Quantitative Determination of sst 2 mRNA
Total RNA was extracted from tumors in 10 volumes of TriZOL reagent (Life Technologies, Inc.), according to the manufacturer’s protocol. Total RNA (30 µg) was subjected to a DNase I (Boehringer Mannheim, Rotkreuz, Switzerland) digest, followed by a clean-up with the RNeasy kit (QIAGEN, Basel, Switzerland).
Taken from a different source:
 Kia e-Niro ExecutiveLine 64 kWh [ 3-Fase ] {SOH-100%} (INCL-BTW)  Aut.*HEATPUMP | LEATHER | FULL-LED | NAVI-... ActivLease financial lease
First-strand cDNA was produced by Moloney murine leukemia virus reverse transcriptase (Life Technologies, Inc.), using 1 µg of total RNA and 200 ng of oligo(dT)15. For each RNA preparation, genomic DNA removal was controlled by omitting reverse transcriptase. The first-strand cDNA was then quantified by using the TaqMan fluorescence-based PCR assay according to the manufacturer’s protocol (Perkin-Elmer Corp., Foster City, CA). In practice, cDNA corresponding to 25 ng of RNA was mixed in quadruplates with a master mixture that contained all reagents for PCR and supplemented with either sst 2- or actin-specific probe (225 nM) and primers (900 nM; sst 2 primers: 5'-GAGGACACGATGGCCTGG-3', 5'-CACGCGCGGAACTTTGA-3'; actin primers: 5'-GCTGTCACCTTCCCGGTGT-3', 5'-CACTCCAAGTATCCACGGCATA-3'; sst 2 probe: 5'-CCCGGTGGAAAGCA GCTACCCG-3'; actin probe: 5'-ACTCAGGGCATGGA-TGCAGCCATC-3') in a final volume of 25 µl. The primers and probes were designed and proved to be specific for rat without cross-reactivities with mouse to ensure that the RNA detected was of tumor- and not host-origin. The probes were labeled with the fluorescent dyes 5-carboxyfluorescein (FAM) on the 5' end and N,N,N',N'-tetramethyl-6-carboxyrhodamine (TAMRA) on the 3' end. Amplification and detection were performed with the ABI 7700 system with the following profile: 1 cycle of 50°C for 2 min, 1 cycle or 95°C for 10 min, and 40 cycles of 95°C for 15 s and 60°C for 1 min. In these conditions, the efficiencies for target (sst 2) and reference (actin) were found to be equal, therefore, it was not necessary to include a standard curve on each plate. Data were analyzed as described by the manufacturer by comparison of the threshold cycles (CT, fractional cycle number at which the amount of amplified target reaches a fixed threshold) normalized to actin. Results are expressed relative to the control mean value (set as 1).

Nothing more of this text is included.